Question

An electron projected in a perpendicular uniform magnetic field of $3\times {10}^{-3}T$, moves in a circle of radius $4mm$. The linear momentum of electron (in $kg-m/s$) is:

• A. $1.92\times {10}^{-21}$
• B. $1.2\times {10}^{-24}$
• C. $1.92\times {10}^{-24}$
• D. $1.2\times {10}^{-21}$

Answer 1

The correct option is C $1.92\times {10}^{-24}$

Centripetal force is provided by the force $evB$.
In this situation as the angle between $\overrightarrow{B}$ and $\overrightarrow{v}$ is $\theta =90$, so the force will be maximum $(=evB)$ and always perpendicular to motion (and also field) so, the path will be a circle (with its plane perpendicular to the field) as in a circle tangent and radius are always perpendicular to each other.
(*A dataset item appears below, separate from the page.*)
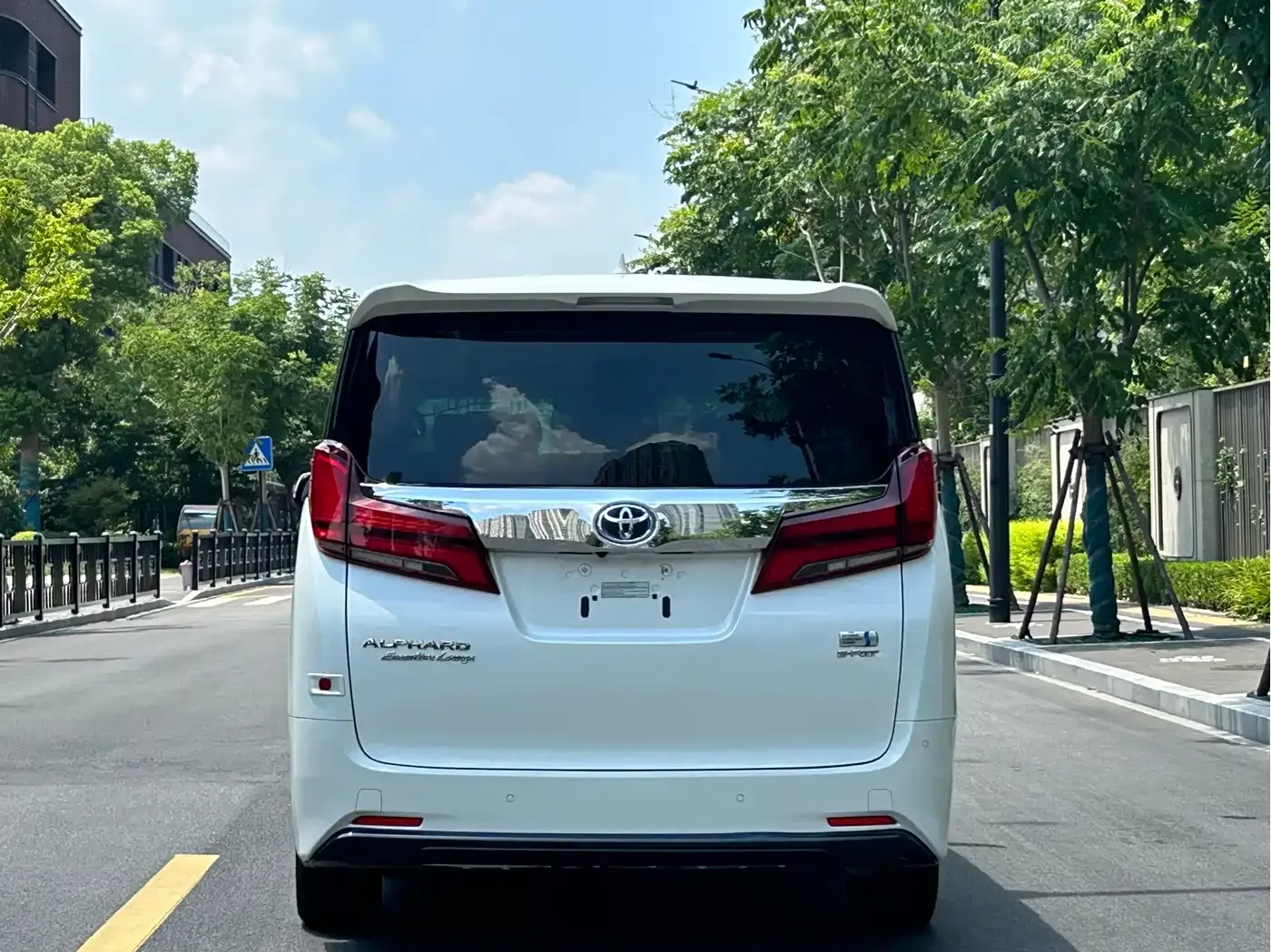 Toyota Alphard 2021 Hybrid 2.5L Premium — Фото автомобиля 5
As here centripetal force is provided by the force $evB$.
$\therefore \frac{m{v}^2}{r}=evB$
ie, $r=\frac{mv}{eB}$
As for a particle in motion, $p=mv$
$\therefore r=\frac{mv}{eB}=\frac{p}{eB}$
$\Rightarrow p=eBr$
Hence, $p=1.6\times {10}^{-19}\times 3\times {10}^{-3}\times 4\times {10}^{-3}$
$=1.92\times {10}^{-24}kg-m/s$